Onboarding new hires. The 30-day checklist exists. The numbers that make it real: checklist completion rate at day 15 and day 30, first solo ticket success rate, time to independent operation, manager satisfaction with new hire readiness at day 60. Without these numbers, your onboarding process is a list of activities, not a measured pathway to a productive employee. You find out your onboarding is broken when a new tech still can't work independently at day 90 and you have to start over.

Escalation. The procedure exists. The numbers that make it real: percentage of tickets aging beyond defined threshold without a status update, average time to escalation owner assignment, percentage of escalations resolved within committed timeline, percentage of escalations that reach the owner. Without these numbers reviewed daily, your escalation procedure is a flowchart. Tickets age silently until a client calls. The procedure exists. The accountability doesn't.

Sales and pipeline. The pipeline review exists. The numbers that make it real: lead-to-MQL conversion rate, MQL-to-opportunity conversion rate, opportunity-to-close rate, average sales cycle length, ratio of new business to existing-client expansion, percentage of QBRs producing referrals. Without these numbers, your sales process is a sequence of stages, not a measured revenue motion. You find out you are missing your number at the end of the quarter when there is nothing left to do about it.

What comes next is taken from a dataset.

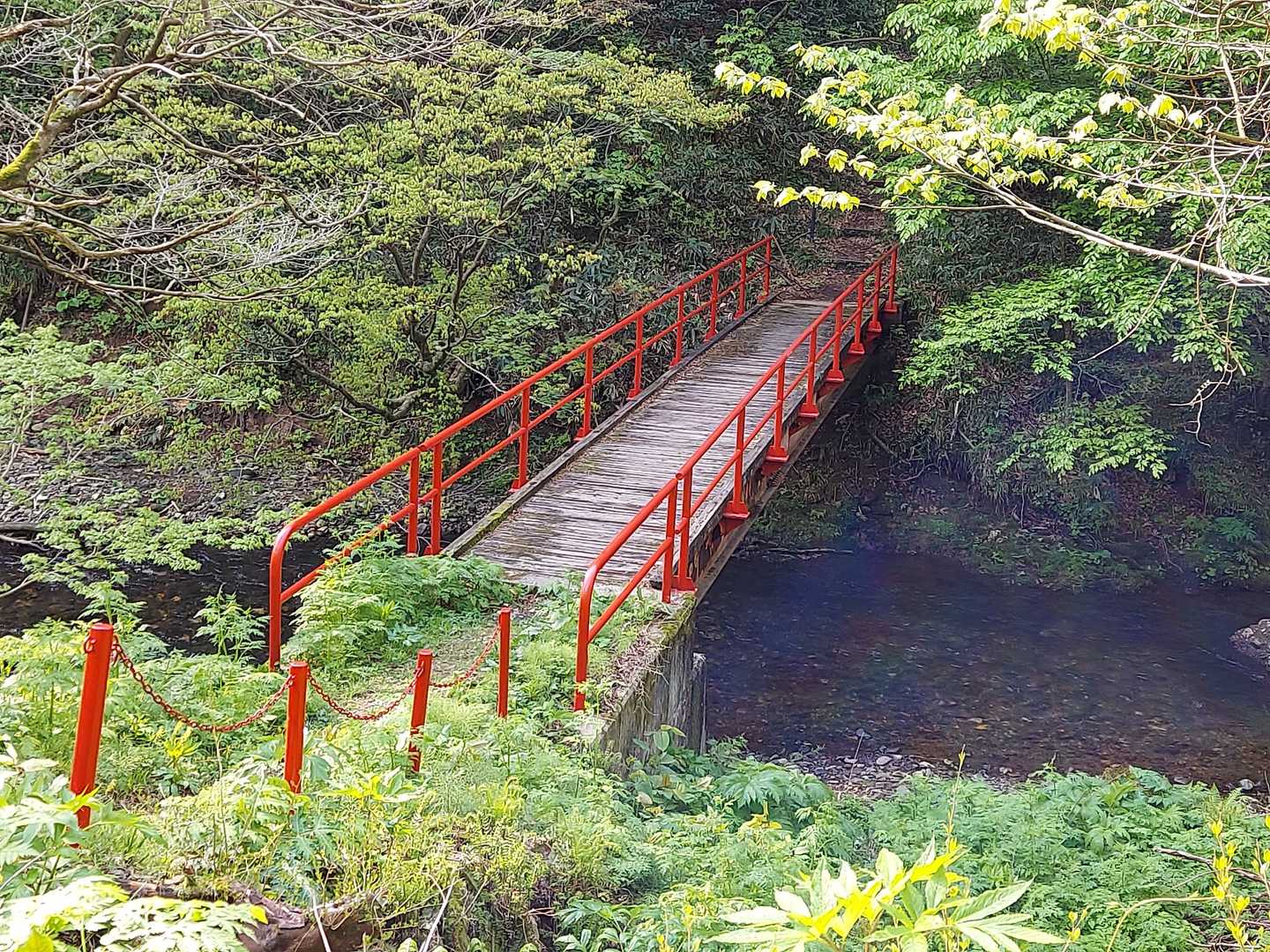 そしてここからが登山道👣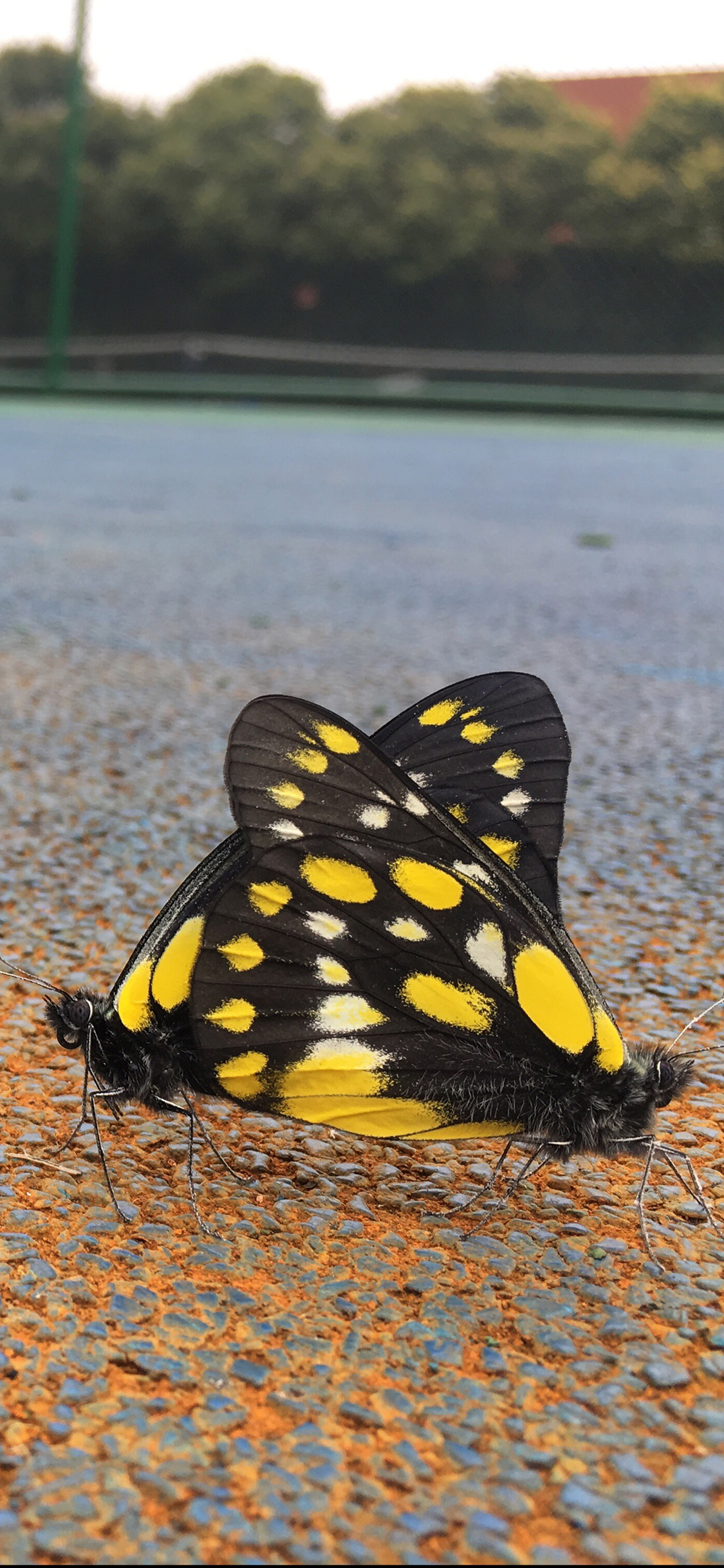 [2436×1125]蝴蝶 交尾 交配 繁衍 苹果手机壁纸图片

QBRs. The template exists. The numbers that make it real: QBR completion rate by client, percentage of QBRs producing three documented action items, percentage of QBRs producing referral requests, client satisfaction with the QBR experience, action item completion rate at the next QBR. Without these numbers, your QBR is a meeting that happens, not a system that produces measurable client experience outcomes. The meeting feels productive. The retention data eventually tells a different story.

Client retention. The relationship strategy exists. The numbers that make it real: net revenue retention, gross logo retention, churn rate by segment, expansion revenue by client, NPS by client, executive sponsor coverage rate. Without these numbers, retention is something you hope for, not something you actively manage. The clients who are about to leave never tell you. The numbers would have.

Every one of these systems shows up in MSP proposals as evidence of operational maturity. Most of them have no numbers attached. They are descriptions of work, not managed systems. The MSPs that win on operational excellence are the ones who attach numbers to every system in the field guide and review them on a documented cadence.

The ones who skip the numbers operate on the documentation and hope it produces the outcomes the documentation describes. It rarely does, and they find out about the drift from clients instead of from their own data. That is an expensive way to find out.

WHY OWNERS RESIST THE NUMBERS

Here is the part owners don't say out loud.

Attaching numbers to every system means finding out the truth about how the business is performing. Most owners are afraid of what they'll find. They suspect their dispatch system isn't hitting target. They suspect their onboarding isn't producing independent techs as fast as they tell prospects. They suspect their QBRs aren't producing the strategic outcomes they describe in sales conversations.

As long as the numbers don't exist, the suspicion stays a suspicion. The owner can keep telling themselves and their clients that the system works. As soon as the numbers exist, the truth becomes undeniable. The system either hits the target or it doesn't. The owner either invests in fixing it or accepts the gap.

That fear is the single biggest reason most MSPs operate on documentation instead of measured systems. It is also the reason the MSPs that get past the fear pull ahead of their competition fast. The numbers are uncomfortable for about 90 days. After that, they become the most useful thing in the business because they tell you exactly where to invest, what to fix, and what's working well enough to leave alone.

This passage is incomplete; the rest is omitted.